- **Items from a dataset**
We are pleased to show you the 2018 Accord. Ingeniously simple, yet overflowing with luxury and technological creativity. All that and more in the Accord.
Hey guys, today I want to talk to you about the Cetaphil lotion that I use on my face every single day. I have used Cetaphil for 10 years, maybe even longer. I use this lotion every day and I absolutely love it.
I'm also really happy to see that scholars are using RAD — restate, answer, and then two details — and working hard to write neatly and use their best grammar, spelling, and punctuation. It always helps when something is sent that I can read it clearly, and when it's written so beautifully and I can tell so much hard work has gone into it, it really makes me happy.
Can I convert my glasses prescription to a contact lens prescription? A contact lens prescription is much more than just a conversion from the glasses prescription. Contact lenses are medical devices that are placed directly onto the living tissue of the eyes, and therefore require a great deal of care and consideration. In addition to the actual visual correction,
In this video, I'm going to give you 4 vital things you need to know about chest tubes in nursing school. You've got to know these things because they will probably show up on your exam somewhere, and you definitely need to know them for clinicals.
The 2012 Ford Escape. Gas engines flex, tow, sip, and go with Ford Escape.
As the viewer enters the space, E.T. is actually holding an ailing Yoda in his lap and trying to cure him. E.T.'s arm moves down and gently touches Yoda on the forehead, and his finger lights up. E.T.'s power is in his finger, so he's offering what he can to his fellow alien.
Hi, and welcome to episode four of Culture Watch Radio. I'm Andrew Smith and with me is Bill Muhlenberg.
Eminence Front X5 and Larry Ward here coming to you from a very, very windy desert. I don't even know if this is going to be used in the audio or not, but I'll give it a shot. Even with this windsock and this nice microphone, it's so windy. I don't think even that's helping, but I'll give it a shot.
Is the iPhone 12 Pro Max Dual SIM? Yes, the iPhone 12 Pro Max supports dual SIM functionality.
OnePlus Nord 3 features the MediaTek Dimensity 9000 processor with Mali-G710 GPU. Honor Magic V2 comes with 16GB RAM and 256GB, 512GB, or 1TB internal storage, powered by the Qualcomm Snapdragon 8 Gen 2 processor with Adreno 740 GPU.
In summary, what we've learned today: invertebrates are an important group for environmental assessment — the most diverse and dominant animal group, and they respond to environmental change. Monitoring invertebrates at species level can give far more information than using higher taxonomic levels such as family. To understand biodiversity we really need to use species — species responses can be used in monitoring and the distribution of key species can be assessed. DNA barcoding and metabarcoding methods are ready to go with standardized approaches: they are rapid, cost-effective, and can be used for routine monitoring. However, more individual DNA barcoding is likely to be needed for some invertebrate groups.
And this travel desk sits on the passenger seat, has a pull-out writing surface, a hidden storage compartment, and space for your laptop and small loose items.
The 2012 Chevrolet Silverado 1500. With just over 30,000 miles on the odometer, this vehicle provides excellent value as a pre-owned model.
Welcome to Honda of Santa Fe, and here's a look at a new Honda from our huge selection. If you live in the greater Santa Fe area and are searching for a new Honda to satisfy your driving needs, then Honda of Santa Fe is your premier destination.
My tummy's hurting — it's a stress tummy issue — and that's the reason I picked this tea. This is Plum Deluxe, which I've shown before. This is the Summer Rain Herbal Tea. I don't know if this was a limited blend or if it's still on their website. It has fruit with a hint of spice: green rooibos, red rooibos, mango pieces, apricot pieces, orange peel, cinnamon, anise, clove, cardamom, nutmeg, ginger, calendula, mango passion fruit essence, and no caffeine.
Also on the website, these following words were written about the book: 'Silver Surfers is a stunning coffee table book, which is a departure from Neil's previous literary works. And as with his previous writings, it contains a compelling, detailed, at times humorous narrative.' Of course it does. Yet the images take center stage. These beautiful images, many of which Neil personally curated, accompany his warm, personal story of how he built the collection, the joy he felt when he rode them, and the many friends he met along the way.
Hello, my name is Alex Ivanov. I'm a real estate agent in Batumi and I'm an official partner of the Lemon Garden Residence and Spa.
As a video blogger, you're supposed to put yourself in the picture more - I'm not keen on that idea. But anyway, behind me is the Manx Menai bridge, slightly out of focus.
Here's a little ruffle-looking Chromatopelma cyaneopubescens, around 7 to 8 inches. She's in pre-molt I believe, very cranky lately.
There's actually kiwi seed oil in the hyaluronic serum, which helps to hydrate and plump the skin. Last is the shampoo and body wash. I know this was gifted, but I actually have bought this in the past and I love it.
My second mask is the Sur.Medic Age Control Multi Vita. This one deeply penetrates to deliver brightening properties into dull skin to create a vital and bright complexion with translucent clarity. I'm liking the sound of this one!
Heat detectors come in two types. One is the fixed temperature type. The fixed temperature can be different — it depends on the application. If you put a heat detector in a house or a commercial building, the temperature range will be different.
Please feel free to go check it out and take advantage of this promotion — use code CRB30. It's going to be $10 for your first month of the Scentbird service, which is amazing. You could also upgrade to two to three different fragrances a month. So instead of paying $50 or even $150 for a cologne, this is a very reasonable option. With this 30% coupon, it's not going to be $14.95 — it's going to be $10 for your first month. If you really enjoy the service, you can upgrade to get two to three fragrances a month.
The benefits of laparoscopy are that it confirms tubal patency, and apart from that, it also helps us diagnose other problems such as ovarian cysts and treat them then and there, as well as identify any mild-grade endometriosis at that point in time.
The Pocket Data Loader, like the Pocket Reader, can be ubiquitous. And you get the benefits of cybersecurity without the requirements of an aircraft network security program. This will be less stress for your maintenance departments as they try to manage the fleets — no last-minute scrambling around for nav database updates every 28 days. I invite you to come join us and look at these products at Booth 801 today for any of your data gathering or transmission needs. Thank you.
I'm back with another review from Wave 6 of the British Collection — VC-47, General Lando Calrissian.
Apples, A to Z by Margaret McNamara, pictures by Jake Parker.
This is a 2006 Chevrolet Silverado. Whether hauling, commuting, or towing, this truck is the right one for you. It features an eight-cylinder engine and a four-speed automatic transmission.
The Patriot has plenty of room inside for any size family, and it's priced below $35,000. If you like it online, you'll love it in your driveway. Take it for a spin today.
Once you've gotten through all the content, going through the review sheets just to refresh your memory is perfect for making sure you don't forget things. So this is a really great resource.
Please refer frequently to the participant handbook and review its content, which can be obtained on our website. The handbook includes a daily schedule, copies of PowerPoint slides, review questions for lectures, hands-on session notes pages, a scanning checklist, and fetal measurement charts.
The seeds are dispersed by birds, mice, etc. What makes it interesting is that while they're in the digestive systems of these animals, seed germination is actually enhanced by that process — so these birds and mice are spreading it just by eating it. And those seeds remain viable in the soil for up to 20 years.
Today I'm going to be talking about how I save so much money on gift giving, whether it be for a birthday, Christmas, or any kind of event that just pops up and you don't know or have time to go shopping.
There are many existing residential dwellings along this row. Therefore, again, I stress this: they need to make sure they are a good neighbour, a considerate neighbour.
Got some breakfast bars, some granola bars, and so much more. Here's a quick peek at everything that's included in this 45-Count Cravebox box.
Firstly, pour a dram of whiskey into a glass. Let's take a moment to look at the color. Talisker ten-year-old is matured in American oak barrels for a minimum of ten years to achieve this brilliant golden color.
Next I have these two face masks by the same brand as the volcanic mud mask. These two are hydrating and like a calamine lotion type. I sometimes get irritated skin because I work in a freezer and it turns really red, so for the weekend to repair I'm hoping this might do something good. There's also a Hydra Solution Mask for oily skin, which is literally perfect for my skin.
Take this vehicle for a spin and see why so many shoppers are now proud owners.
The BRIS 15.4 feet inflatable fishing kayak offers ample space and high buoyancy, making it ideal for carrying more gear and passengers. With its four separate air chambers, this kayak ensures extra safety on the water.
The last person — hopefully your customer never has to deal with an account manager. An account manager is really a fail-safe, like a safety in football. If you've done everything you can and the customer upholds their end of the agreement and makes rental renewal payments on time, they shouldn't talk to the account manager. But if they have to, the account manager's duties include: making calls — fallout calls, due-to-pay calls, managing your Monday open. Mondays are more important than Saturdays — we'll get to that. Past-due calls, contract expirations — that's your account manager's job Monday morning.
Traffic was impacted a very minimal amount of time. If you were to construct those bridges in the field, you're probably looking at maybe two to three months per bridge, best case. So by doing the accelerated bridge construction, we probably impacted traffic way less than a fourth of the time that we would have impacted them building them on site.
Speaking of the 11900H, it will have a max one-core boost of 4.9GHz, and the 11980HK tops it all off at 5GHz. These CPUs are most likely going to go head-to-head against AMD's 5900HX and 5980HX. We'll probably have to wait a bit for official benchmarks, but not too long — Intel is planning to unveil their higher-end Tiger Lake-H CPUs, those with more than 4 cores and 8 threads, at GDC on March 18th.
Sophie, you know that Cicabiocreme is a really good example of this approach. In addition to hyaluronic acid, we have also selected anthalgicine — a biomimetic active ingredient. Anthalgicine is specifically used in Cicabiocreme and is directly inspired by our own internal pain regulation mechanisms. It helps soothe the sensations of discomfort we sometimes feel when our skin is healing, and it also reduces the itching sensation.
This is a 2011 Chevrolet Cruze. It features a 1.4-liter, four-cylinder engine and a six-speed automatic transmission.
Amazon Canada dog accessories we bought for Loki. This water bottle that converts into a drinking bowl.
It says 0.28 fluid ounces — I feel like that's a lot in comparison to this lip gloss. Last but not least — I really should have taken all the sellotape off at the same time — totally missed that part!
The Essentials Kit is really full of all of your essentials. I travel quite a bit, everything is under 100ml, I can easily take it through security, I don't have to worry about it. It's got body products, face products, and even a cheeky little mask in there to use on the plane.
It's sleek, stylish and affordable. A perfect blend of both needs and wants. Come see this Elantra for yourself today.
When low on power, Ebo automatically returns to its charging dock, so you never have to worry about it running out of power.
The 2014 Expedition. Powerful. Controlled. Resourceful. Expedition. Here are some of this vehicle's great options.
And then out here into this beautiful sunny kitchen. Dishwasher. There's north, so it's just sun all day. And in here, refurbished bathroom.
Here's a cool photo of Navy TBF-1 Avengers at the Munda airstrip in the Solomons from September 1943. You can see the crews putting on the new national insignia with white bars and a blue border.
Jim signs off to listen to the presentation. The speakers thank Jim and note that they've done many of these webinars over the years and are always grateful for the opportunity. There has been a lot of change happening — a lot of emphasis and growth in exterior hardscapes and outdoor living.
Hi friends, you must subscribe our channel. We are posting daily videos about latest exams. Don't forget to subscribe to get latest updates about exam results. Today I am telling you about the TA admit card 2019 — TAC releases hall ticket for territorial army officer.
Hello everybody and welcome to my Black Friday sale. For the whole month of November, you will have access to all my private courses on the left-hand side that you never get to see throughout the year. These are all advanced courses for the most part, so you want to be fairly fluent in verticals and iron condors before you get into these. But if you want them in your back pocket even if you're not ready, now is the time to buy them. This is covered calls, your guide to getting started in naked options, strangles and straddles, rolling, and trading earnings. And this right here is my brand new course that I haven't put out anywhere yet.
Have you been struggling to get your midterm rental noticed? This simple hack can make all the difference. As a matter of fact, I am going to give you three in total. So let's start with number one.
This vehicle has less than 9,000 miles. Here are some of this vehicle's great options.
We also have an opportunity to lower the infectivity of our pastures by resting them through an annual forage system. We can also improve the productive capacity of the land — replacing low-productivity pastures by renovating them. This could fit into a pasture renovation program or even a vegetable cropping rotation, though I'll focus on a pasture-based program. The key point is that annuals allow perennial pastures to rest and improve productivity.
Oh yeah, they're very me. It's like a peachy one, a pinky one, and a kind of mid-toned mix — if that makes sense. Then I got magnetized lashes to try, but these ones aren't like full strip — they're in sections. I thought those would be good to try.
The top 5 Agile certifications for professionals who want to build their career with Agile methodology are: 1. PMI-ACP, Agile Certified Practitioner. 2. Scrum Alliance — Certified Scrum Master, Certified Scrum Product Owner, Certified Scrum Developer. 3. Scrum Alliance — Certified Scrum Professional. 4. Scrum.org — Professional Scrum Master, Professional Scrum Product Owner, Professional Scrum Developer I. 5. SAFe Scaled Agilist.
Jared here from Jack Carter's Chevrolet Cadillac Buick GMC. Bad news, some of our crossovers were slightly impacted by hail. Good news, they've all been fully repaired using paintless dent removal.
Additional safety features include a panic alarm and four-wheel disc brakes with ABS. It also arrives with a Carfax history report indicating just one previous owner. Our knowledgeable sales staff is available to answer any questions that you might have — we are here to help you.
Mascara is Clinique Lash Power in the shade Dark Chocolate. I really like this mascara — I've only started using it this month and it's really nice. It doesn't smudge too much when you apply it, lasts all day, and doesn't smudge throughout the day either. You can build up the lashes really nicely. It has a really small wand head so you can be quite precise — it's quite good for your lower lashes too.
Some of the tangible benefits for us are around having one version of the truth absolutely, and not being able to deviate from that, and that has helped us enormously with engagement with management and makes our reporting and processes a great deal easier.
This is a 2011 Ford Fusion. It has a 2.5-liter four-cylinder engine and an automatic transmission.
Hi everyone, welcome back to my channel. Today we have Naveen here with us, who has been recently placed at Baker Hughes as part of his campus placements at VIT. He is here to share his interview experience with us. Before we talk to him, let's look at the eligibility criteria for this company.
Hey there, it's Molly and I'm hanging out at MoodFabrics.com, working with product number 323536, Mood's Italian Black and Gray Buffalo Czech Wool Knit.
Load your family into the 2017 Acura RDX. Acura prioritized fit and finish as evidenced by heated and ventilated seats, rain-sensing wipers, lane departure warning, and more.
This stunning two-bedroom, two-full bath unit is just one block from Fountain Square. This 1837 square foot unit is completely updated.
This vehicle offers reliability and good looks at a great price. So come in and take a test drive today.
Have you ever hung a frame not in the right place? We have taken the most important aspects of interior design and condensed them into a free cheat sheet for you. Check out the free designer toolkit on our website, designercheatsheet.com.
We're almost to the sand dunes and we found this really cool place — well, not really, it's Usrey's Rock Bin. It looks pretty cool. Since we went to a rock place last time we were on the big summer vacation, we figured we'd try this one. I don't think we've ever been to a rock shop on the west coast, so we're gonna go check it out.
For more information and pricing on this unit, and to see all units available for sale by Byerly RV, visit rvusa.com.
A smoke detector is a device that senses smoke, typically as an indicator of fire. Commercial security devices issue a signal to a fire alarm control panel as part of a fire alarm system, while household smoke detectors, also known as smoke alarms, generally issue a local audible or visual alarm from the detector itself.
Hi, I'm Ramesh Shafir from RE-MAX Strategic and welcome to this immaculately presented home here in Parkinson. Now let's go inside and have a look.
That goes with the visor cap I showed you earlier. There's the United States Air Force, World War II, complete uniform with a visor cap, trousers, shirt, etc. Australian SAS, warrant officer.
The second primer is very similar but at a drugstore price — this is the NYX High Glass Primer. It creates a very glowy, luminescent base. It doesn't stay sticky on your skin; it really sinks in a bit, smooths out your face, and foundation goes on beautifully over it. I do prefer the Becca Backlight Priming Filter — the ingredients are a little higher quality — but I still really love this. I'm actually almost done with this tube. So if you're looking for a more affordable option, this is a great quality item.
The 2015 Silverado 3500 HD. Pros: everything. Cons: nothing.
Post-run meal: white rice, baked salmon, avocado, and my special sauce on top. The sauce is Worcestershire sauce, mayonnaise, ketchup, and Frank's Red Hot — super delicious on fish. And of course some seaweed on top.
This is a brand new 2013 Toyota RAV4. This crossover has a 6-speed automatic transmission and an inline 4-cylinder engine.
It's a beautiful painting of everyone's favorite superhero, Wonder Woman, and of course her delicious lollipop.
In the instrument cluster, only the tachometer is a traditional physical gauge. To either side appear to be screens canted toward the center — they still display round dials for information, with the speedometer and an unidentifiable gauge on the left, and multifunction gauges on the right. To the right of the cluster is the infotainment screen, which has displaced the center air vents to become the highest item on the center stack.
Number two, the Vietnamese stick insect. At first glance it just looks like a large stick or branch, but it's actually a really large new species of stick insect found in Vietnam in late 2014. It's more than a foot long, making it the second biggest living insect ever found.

- **WORK TO COMPLETE**
Copy the lines above exactly, beginning at the line that has "As the viewer" and stopping after the line that has "And this travel", and omit the rest.

- **ANSWER TO THE PROBLEM**
As the viewer enters the space, E.T. is actually holding an ailing Yoda in his lap and trying to cure him. E.T.'s arm moves down and gently touches Yoda on the forehead, and his finger lights up. E.T.'s power is in his finger, so he's offering what he can to his fellow alien.
Hi, and welcome to episode four of Culture Watch Radio. I'm Andrew Smith and with me is Bill Muhlenberg.
Eminence Front X5 and Larry Ward here coming to you from a very, very windy desert. I don't even know if this is going to be used in the audio or not, but I'll give it a shot. Even with this windsock and this nice microphone, it's so windy. I don't think even that's helping, but I'll give it a shot.
Is the iPhone 12 Pro Max Dual SIM? Yes, the iPhone 12 Pro Max supports dual SIM functionality.
OnePlus Nord 3 features the MediaTek Dimensity 9000 processor with Mali-G710 GPU. Honor Magic V2 comes with 16GB RAM and 256GB, 512GB, or 1TB internal storage, powered by the Qualcomm Snapdragon 8 Gen 2 processor with Adreno 740 GPU.
In summary, what we've learned today: invertebrates are an important group for environmental assessment — the most diverse and dominant animal group, and they respond to environmental change. Monitoring invertebrates at species level can give far more information than using higher taxonomic levels such as family. To understand biodiversity we really need to use species — species responses can be used in monitoring and the distribution of key species can be assessed. DNA barcoding and metabarcoding methods are ready to go with standardized approaches: they are rapid, cost-effective, and can be used for routine monitoring. However, more individual DNA barcoding is likely to be needed for some invertebrate groups.
And this travel desk sits on the passenger seat, has a pull-out writing surface, a hidden storage compartment, and space for your laptop and small loose items.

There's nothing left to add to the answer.